Overall accuracy in the game was found to be significantly above chance from block 1 and throughout the game for both age groups (Figure 3). An analysis of accuracy scores conducted per sentence type shows that both child and adult responses were significantly above chance for SV, SOV and OV sentences (Figure 4). Counts relative to accurate and inaccurate responses for children and adults were analyzed to ascertain whether the difference between the proportions of accurate to inaccurate responses in the two groups was significant. Overall, the proportion of correct adult responses was significantly higher but with a small effect size, χ2 (1) = 17.41, p = 0.000, Φc = 0.104), although a score analysis by block revealed that the difference was significant only at the end of session 2 (block 3), with a small to medium effect size, χ2 (1) = 18.31, p = 0.000, Φc = 0.256. Response comparisons per sentence type show that in this sample adults were overall significantly better in performing moves associated to SOV sentence stimuli compared to children, although the effect size was again small overall (χ2 (1) = 13.57, p = 0.000, Φc = 0.107), whilst between-group differences for SV and OV stimuli were not found to be statistically significant. Further analysis that narrowed down the comparison to specific blocks, sentence and verb types found significant effects with larger effect sizes. The between-group difference in block 3 was significant only for SOV sentences, χ2 (1) = 20.29, p = 0.000, Φc = 0.286, and, among these, only for nim SOV sentences, with a medium to large effect size, χ2 (1) = 17.03, p = 0.000, Φc = 0.450.

Figure 3 

Overall accuracy across blocks for adults (red) and children (black). *p < .05 ***p < .001.

Figure 4 

Overall accuracy across sentence types for adults (red) and children (black).

An analysis of the within-group gains between blocks was also conducted, this time using the McNemar test, a variation of the Chi-squared test that allows the comparison of proportions relative to related samples. The effect sizes of the within-group analysis were small overall and the analysis found a significant increase in the proportion of accurate child responses between block 3 and 4 (corresponding to the end of session 2 and the beginning of session 3), Z = –4.11, p = 0.000, OR = 1.082. For adult responses, an intrasessional significant gain in accuracy was found between block 2 and 3, Z = –2.06 p = 0.038, OR = 1.008.

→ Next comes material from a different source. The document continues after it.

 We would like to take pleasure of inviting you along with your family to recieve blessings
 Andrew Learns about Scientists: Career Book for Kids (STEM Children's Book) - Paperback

Looking at the performance on difference sentence types within-groups (Figure 4), children in this sample were significantly more accurate on SV and OV sentences compared to SOV sentences (Z = –2.46, p = 0.014, OR = 1.009 and Z = –2.33, p = 0.019, OR = 1.007, respectively), with no significant differences between SV and OV. No within-group significant differences in the proportion of correct responses per sentence type were found for the adult group.

4.2 RQ2 and RQ3

In order to assess the learning of correct linking rules, a subset of the original data was selected. This included only moves for which accuracy directly depended on the learning of the relationship between the noun-phrase position and its thematic function in BrocantoJ (referred to as symmetrical contexts in the Methods section). Note that linking trials with OV sentences specifically probed the ability to understand linking rules in a context where the only disambiguating element was the case marker, and hence provided direct evidence for the learning of its form-meaning mapping function. Overall, accuracy for linking was again found to be significantly above chance from block 1 and across blocks for both age groups (Table 2 and Figure 5).

Table 2

Count of accurate sentences per block in symmetrical contexts.

B1B2B3B4B5B6TOT

n (%) n (%) n (%) n (%) n (%) n (%) N (%)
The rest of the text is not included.